It’s due to “multipath interference”. On its way to your radio antenna, a radio wave can also bounce off various things (buildings, trees, cars, etc.). The reflected versions of these multiple paths take a little longer to get to your antenna than the most direct one, so they are out of phase with the original. (The peaks and troughs don’t line up.) This can cause destructive interference to occur, degrading the radio signal. (It can also result in *constructive* interference.)
If you move your car just a little bit, you change which reflections are hitting your antenna, and the destructive interference can be increased or reduced.
It is due to multipath interference. Radio waves bounce off metallic objects like other cars, buildings, sign poles, etc. If they arrive at your car antenna out of phase with the direct (not reflected) radio signal, they will cancel it out. A few inches can move you into a location where they no longer cancel.

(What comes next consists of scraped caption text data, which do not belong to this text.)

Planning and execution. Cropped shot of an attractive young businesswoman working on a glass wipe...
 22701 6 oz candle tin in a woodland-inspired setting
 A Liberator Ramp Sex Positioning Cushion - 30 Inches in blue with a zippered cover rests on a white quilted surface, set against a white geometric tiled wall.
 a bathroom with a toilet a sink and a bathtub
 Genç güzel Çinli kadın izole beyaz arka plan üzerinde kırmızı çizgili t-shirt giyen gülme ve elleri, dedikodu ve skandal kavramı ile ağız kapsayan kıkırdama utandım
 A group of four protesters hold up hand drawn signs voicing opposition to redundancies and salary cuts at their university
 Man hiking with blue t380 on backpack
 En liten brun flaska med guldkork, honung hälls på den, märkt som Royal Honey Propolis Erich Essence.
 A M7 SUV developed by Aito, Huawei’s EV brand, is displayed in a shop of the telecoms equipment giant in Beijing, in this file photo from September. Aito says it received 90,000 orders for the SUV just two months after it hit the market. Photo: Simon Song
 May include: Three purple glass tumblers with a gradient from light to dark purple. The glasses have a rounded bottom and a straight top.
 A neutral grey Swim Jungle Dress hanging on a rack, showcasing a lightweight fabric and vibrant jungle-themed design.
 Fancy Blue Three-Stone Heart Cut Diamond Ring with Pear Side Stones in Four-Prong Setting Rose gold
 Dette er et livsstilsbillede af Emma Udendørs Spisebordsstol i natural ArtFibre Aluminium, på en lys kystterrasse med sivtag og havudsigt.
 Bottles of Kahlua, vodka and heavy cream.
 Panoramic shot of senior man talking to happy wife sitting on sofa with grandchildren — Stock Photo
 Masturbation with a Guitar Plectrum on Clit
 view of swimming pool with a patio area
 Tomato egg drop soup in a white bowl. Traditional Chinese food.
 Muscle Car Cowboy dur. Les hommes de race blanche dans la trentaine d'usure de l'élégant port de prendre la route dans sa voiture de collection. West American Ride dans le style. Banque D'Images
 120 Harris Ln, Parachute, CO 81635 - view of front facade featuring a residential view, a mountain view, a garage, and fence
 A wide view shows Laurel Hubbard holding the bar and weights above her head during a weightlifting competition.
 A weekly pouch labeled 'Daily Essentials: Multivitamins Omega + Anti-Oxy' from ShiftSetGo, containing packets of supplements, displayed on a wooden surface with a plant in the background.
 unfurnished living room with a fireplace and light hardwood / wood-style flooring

interference. radio is transmitted by electromagnetic wave, which gets reflected by all kind of obstacles, especially buildings. When two waves at different angles meet, they create an “interference pattern”, at some points the wave will be strong, at some other points it will be weak.
Your car is constantly moving through those interference patterns so you don’t notice it much (merely by short noise bursts), but when it stops you may stand on some location where it will be significantly weaker. You can roll your car a few cm to catch a better spot.
This is because the wavelength of FM radio is right around 3m depending on the frequency. So as you move up the antenna is able to receive the final again.